§ Exercise directions:
Retype only the lines below from the one with "Shallow river running" to the one with "Large trilobite fossil", inclusive, skipping every image.

----- Data for this task

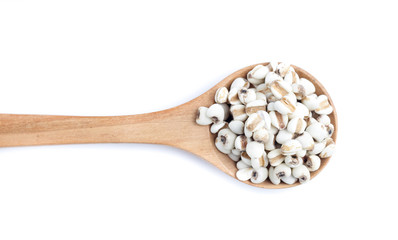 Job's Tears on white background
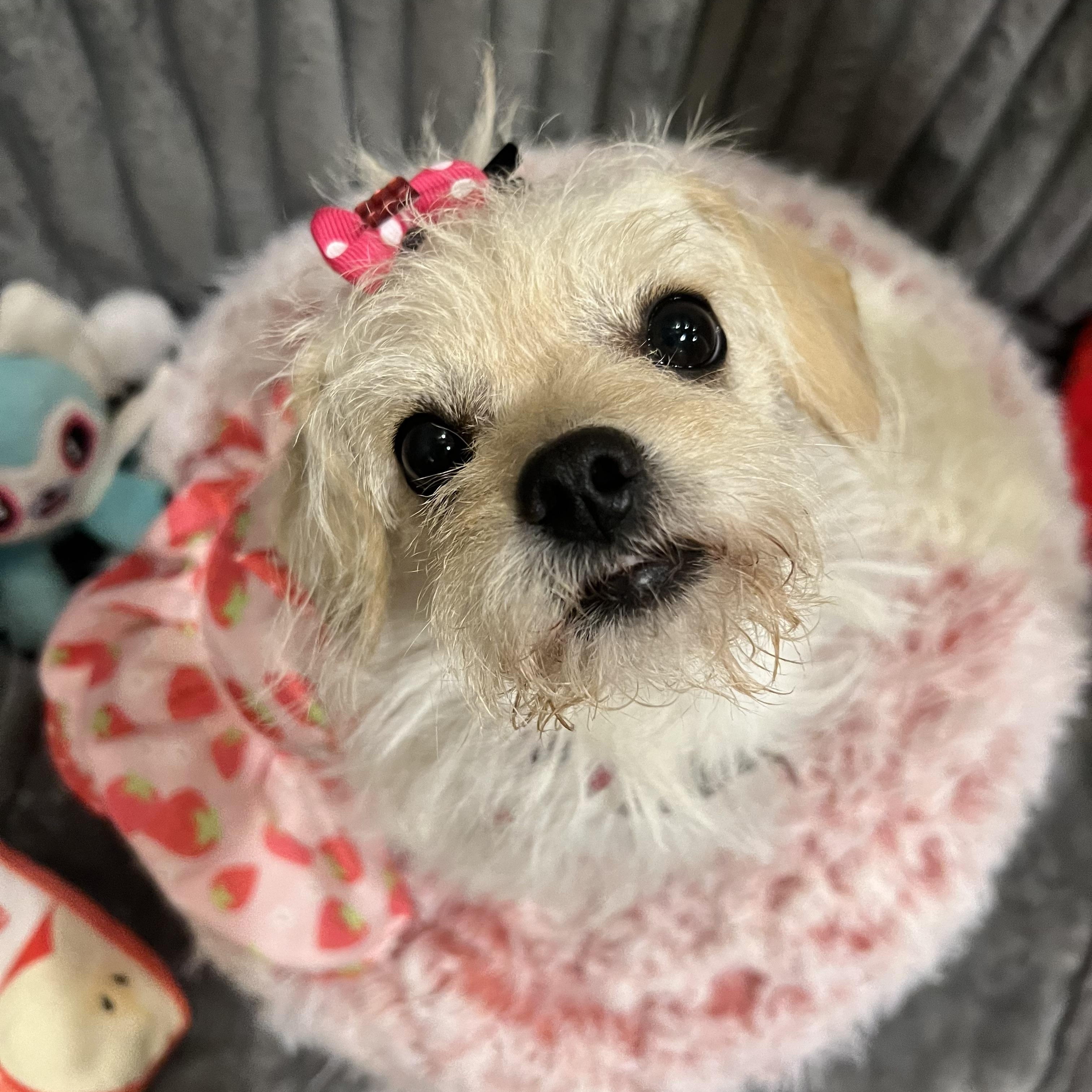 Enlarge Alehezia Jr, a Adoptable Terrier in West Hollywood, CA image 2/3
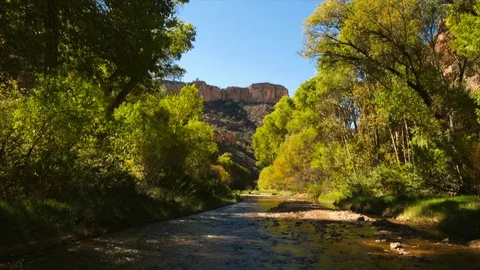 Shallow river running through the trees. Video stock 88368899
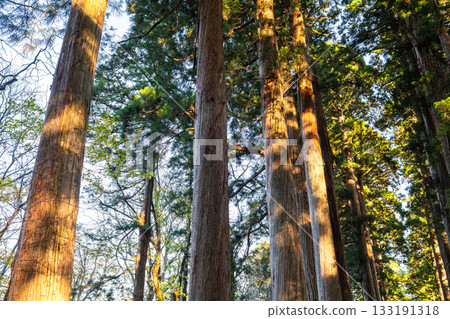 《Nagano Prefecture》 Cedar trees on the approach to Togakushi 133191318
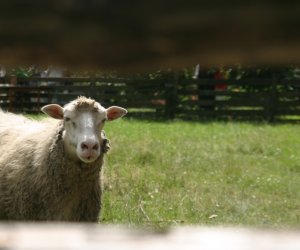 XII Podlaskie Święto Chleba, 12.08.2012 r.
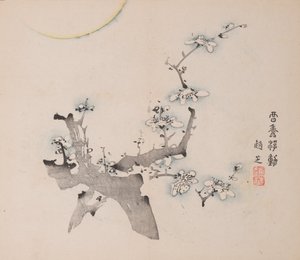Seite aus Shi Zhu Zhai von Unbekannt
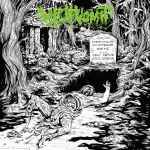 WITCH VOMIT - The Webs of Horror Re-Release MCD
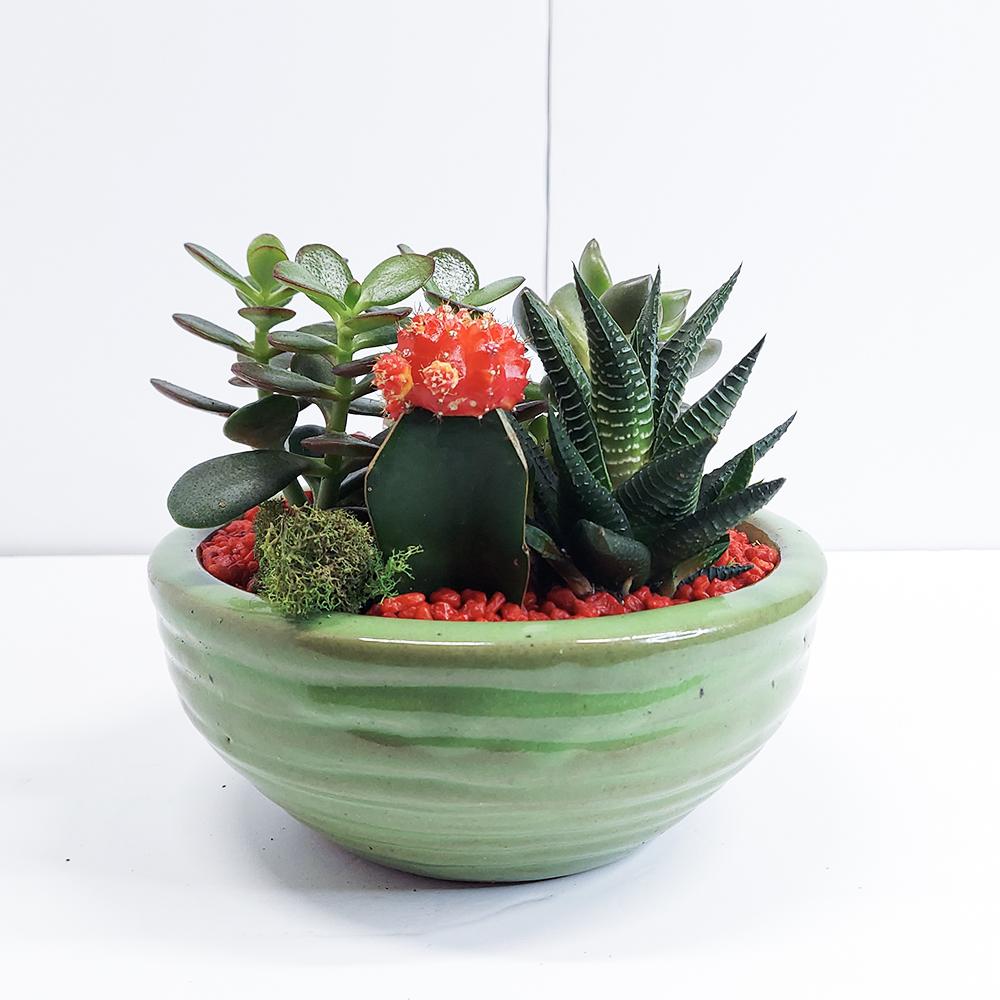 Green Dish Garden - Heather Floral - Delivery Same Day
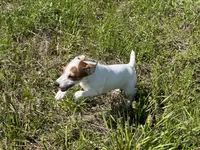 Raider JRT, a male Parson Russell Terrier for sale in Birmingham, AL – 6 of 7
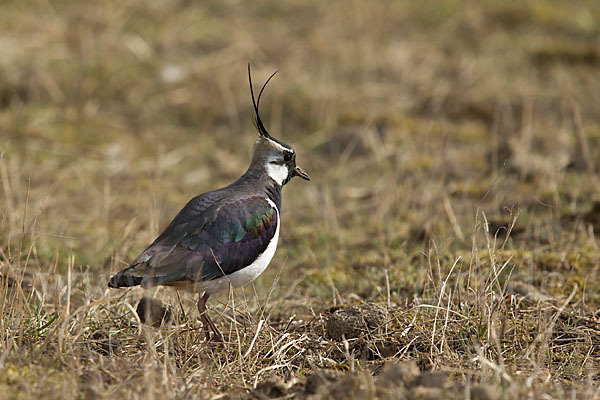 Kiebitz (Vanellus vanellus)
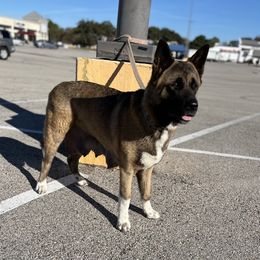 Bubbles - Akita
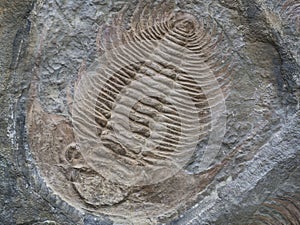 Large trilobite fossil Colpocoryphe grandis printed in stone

----------
----- Data for this task

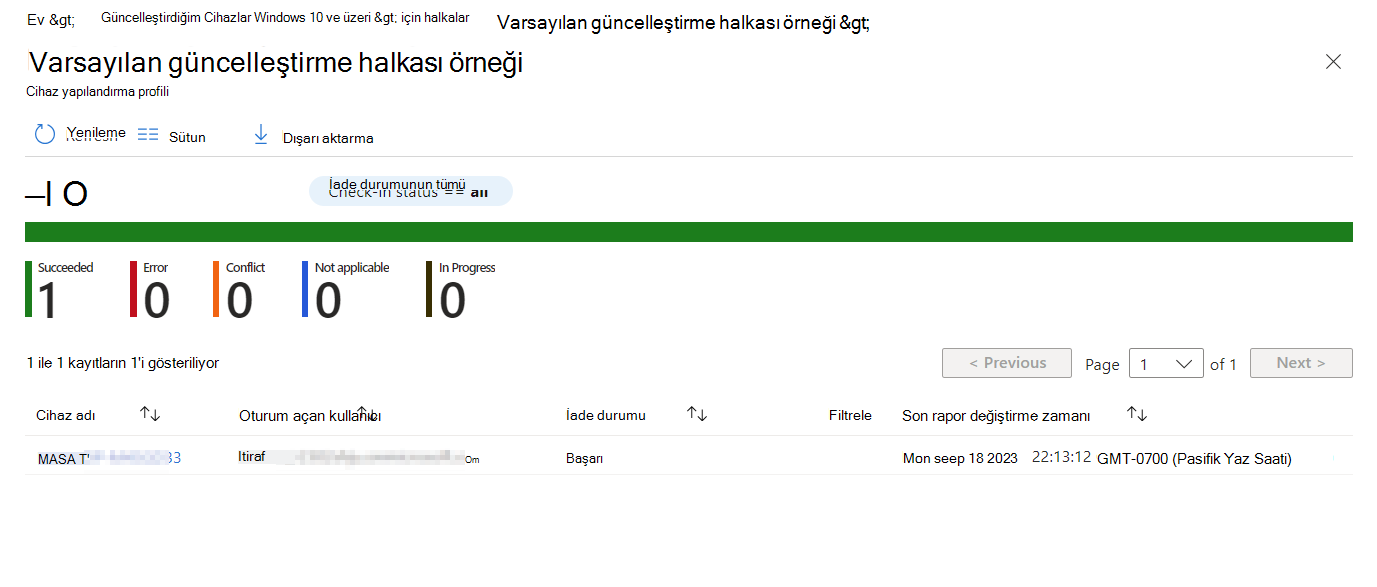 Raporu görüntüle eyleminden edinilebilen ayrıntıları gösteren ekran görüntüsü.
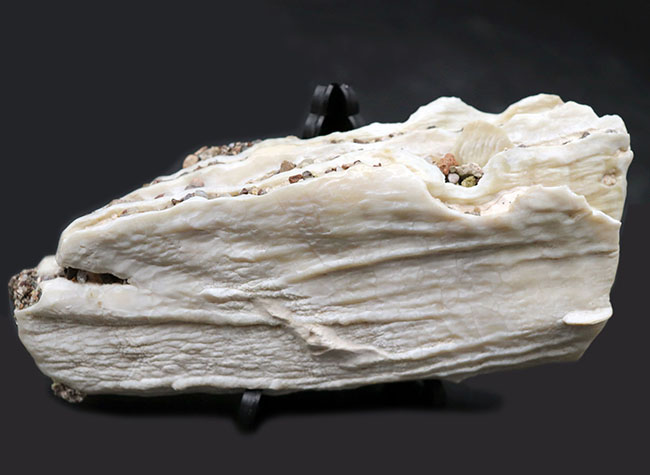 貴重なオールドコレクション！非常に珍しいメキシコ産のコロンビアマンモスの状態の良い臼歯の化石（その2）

----------

§ Task solution:
 Shallow river running through the trees. Video stock 88368899
 《Nagano Prefecture》 Cedar trees on the approach to Togakushi 133191318
 XII Podlaskie Święto Chleba, 12.08.2012 r.
Seite aus Shi Zhu Zhai von Unbekannt
 WITCH VOMIT - The Webs of Horror Re-Release MCD
 Green Dish Garden - Heather Floral - Delivery Same Day
 Raider JRT, a male Parson Russell Terrier for sale in Birmingham, AL – 6 of 7
 Kiebitz (Vanellus vanellus)
 Bubbles - Akita
 Large trilobite fossil Colpocoryphe grandis printed in stone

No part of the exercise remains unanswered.